Prognosis of Cat Dry Eye Syndrome

Diagnosing dry eye syndrome in cats is comprehensive. The vet must discover the origins of this ailment to determine an appropriate treatment plan. To reach this goal, he must give your pet a thorough exam. Expect the following: 

  • Fluorescein eye stain: The vet puts orange dye into your cat’s eye and, with a blue light, looks for cornea damage.
  • Aqueous fluid sample: The collection of watery fluid produced by the aqueous humor. This agent carries proteins that keep a cat’s eye moist. At times, it also falls prey to harmful bacteria.
  • Schirmer’s tear test: The placement of paper strips in your cat’s eyes to detect dryness or tear production.
  • Ophthalmic exam: A series of tests that obtain data on your cat’s vision and eye health.

Treatment for Cat Dry Eye

Treatment for dry eye syndrome in cats depends on the underlying cause.

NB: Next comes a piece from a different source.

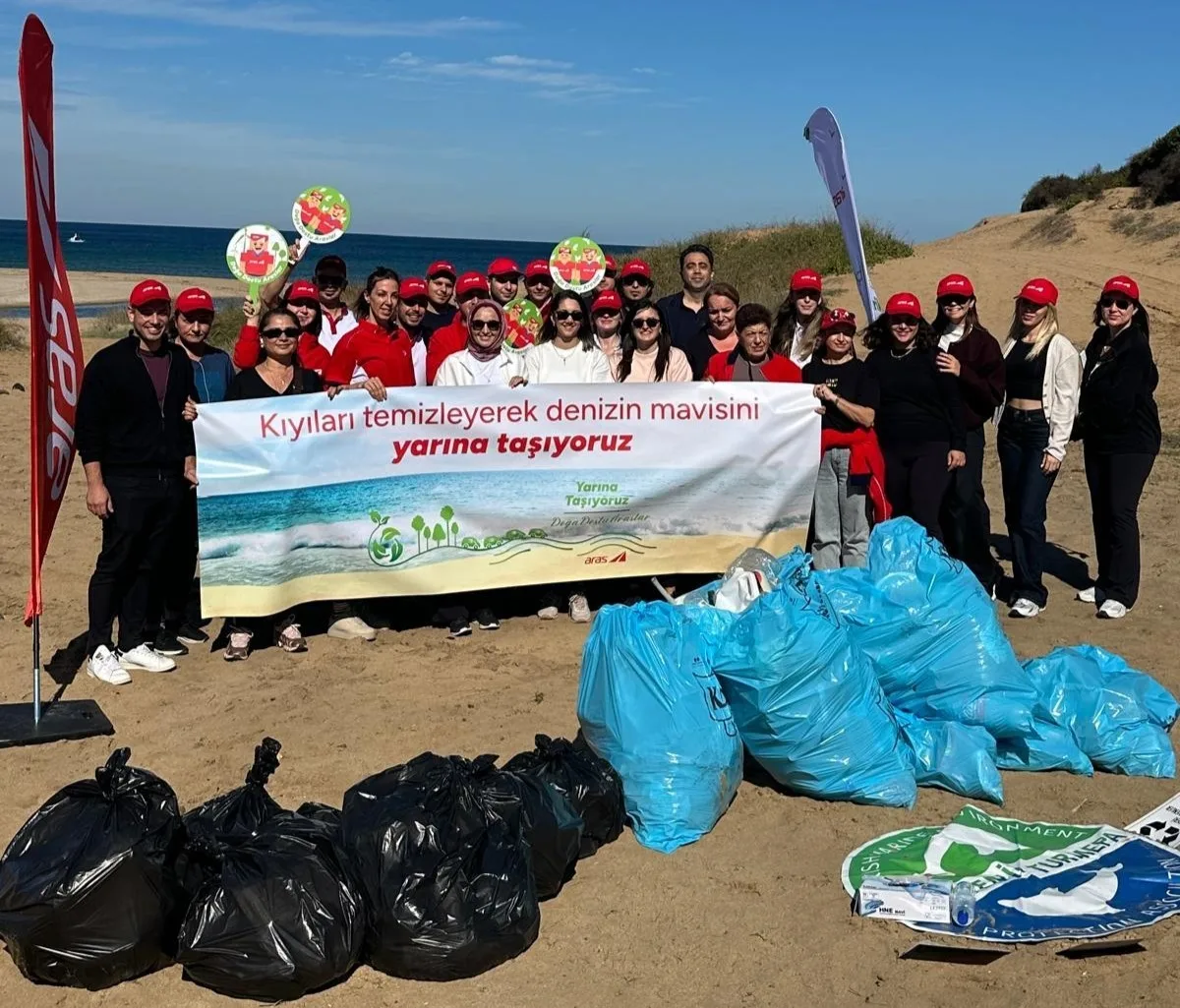 DenizTemiz Derneği/TURMEPA iş birliğiyle gerçekleştirdiği kıyı temizliği etkinlikleri kapsamında 9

A family vet can cure mild cases of this ailment. For more severe of dry eye syndrome in cats, you must take your cat to a veterinary ophthalmologist. He may perform a surgery and offer extensive care for irreversible symptoms. 

  • Antibiotic eye ointment: The vet may prescribe this substance to treat a bacterial infection.
  • Eye lubricant: To hydrate your cat’s eyes, the vet may prescribe liquid drops or an ointment.
  • Parotid duct transposition. Through surgery, the vet reroutes the aqueous ducts. This procedure allows saliva to replace tears. Since saliva irritates the eyes of some cats, he may require additional therapy.
  • Topical corticosteroid: This cream reduces inflammation. Use is for swollen tissue on or around your cat’s eyes.

All treatment options for dry eye syndrome involve follow-up visits. Timelines differ based on severity. Ask your vet for specifics especially when your cat suffers from another illness. 

Unless there is a secondary disease that calls for hospitalization, your cat will be treated on an outpatient basis. Topical medications, such as artificial-tear medication and possibly a lubricant can be prescribed and administered to compensate for your cat’s lack of tears. You will need to be sure to clean your cat’s eyes before you administer the medication, along with keeping the eyes clean and free of dried discharge. Some patients with KCS are predisposed to severe corneal ulceration, so you will need to call your veterinarian at once if the pain increases so that it can be treated before serious injury occurs.